Dataset items
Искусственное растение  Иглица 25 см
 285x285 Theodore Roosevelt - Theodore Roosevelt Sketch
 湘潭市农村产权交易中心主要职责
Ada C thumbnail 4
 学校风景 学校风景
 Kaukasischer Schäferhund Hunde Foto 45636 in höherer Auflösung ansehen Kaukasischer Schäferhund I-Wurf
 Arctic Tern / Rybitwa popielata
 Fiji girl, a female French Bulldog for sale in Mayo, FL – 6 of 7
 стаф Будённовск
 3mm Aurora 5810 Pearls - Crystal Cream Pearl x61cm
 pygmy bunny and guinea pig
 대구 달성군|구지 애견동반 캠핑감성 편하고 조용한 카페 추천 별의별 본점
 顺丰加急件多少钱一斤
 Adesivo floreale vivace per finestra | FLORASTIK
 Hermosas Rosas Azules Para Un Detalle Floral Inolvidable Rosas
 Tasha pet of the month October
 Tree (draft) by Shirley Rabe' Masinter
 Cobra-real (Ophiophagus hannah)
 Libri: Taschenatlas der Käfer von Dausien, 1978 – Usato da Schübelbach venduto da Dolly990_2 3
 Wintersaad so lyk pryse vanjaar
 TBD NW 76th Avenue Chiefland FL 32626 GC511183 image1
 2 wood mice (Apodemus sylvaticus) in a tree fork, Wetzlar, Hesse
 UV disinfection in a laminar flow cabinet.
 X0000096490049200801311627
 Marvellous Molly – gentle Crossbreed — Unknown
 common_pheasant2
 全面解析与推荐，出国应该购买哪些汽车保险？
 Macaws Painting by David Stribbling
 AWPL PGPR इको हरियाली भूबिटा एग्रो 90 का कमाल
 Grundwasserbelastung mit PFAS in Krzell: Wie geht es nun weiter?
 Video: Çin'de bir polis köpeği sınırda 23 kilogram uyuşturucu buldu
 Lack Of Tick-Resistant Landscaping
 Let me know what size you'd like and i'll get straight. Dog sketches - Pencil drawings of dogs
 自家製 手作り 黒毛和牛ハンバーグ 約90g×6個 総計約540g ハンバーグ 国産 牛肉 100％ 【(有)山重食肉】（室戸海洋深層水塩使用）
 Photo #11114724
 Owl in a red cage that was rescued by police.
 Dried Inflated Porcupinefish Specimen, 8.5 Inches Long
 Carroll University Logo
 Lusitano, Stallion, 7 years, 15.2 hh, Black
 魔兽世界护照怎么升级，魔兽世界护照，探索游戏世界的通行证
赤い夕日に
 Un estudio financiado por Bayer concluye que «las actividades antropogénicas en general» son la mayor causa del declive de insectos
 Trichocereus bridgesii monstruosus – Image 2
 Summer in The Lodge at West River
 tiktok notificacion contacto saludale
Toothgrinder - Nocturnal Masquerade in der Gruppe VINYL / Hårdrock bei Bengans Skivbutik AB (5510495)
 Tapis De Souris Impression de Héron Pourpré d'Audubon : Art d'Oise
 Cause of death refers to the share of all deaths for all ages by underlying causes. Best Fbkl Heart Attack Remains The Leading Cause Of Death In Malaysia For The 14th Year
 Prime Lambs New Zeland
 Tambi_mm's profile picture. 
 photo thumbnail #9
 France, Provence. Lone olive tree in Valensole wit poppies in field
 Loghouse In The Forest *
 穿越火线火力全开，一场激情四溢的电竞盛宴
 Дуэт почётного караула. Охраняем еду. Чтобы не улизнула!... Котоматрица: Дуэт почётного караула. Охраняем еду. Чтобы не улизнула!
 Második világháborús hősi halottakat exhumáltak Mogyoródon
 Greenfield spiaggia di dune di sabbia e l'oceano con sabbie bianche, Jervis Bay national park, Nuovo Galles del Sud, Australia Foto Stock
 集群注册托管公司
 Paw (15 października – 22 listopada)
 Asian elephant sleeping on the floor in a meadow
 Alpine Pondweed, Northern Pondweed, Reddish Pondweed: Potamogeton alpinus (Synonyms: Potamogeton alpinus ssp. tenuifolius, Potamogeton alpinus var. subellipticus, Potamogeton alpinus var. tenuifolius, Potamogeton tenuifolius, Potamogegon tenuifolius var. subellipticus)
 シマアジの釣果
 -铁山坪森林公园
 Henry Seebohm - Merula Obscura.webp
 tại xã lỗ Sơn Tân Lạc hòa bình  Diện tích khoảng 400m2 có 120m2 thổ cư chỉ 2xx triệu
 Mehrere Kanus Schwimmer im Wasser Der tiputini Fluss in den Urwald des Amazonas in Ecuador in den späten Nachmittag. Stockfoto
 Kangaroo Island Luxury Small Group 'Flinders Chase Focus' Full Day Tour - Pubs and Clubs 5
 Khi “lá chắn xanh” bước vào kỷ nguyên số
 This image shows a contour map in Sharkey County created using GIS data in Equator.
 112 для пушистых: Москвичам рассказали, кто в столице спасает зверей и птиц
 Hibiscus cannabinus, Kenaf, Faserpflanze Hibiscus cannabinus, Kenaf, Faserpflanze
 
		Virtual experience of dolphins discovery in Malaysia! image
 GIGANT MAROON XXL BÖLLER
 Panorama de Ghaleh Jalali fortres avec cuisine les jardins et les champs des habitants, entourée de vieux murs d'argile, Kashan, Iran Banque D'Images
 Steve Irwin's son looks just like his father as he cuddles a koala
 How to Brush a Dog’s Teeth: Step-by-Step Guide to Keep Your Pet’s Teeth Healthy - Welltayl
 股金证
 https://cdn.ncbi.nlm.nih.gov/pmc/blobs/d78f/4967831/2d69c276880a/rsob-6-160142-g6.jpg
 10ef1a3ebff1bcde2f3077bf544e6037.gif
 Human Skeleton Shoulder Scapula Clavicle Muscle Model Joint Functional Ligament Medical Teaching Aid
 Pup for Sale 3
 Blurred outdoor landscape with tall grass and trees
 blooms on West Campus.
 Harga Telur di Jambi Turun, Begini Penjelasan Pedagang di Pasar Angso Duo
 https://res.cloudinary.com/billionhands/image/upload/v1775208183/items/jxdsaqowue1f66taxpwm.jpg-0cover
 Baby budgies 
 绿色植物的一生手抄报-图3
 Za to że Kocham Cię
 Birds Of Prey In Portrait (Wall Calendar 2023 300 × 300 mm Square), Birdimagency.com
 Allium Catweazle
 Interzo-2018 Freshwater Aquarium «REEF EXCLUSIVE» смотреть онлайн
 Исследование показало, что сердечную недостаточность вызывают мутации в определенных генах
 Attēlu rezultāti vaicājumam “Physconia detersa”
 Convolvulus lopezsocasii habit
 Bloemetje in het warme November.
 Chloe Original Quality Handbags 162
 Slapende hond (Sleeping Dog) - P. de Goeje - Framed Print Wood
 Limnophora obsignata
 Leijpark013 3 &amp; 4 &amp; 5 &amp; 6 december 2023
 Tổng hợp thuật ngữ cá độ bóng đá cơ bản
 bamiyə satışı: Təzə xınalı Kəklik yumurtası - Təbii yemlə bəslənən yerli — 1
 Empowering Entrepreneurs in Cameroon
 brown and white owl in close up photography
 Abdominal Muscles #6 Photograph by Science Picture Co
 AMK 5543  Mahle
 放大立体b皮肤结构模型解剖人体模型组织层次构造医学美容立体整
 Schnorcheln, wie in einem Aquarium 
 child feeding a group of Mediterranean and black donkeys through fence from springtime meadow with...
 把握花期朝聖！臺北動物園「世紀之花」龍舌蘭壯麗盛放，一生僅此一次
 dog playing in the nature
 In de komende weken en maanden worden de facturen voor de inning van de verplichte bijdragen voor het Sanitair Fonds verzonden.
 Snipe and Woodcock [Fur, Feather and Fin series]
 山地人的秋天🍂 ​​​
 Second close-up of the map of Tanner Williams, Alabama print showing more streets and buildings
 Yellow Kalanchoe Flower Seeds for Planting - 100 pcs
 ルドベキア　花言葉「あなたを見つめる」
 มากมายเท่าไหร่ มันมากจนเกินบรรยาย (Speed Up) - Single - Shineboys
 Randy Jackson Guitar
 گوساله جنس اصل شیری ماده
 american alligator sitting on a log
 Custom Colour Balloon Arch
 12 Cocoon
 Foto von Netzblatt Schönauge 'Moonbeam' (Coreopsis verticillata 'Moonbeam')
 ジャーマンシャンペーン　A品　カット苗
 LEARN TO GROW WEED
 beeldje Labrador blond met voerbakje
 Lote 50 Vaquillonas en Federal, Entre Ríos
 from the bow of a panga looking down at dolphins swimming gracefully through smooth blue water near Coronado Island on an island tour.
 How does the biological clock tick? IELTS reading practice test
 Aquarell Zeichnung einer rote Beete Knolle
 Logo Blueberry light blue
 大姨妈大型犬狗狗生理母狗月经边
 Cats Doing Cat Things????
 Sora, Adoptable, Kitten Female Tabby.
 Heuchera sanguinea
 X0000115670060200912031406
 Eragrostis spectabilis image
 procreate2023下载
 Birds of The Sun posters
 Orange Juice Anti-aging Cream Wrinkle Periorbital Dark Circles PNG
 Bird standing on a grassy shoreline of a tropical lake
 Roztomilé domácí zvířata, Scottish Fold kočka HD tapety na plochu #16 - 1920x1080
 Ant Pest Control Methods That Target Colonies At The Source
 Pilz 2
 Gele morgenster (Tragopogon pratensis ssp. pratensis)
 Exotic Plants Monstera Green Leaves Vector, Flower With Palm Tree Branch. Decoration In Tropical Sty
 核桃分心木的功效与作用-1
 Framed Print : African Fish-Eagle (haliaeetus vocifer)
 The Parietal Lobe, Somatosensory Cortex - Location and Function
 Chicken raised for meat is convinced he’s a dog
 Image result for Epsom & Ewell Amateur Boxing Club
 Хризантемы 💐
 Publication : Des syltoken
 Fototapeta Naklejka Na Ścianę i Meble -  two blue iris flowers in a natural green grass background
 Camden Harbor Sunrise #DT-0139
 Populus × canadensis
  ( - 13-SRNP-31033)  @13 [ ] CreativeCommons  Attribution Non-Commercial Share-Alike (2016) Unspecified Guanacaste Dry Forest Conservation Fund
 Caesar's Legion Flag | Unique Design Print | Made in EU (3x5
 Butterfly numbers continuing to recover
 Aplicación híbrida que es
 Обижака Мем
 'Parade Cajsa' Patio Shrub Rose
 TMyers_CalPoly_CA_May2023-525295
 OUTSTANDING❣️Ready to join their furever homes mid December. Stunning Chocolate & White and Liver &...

• [Instructions for the task]: Could you restate, word for word, the lines above from the one with "Mehrere Kanus Schwimmer" to the one with "This image shows", both included?

• [Reply]:
 Mehrere Kanus Schwimmer im Wasser Der tiputini Fluss in den Urwald des Amazonas in Ecuador in den späten Nachmittag. Stockfoto
 Kangaroo Island Luxury Small Group 'Flinders Chase Focus' Full Day Tour - Pubs and Clubs 5
 Khi “lá chắn xanh” bước vào kỷ nguyên số
 This image shows a contour map in Sharkey County created using GIS data in Equator.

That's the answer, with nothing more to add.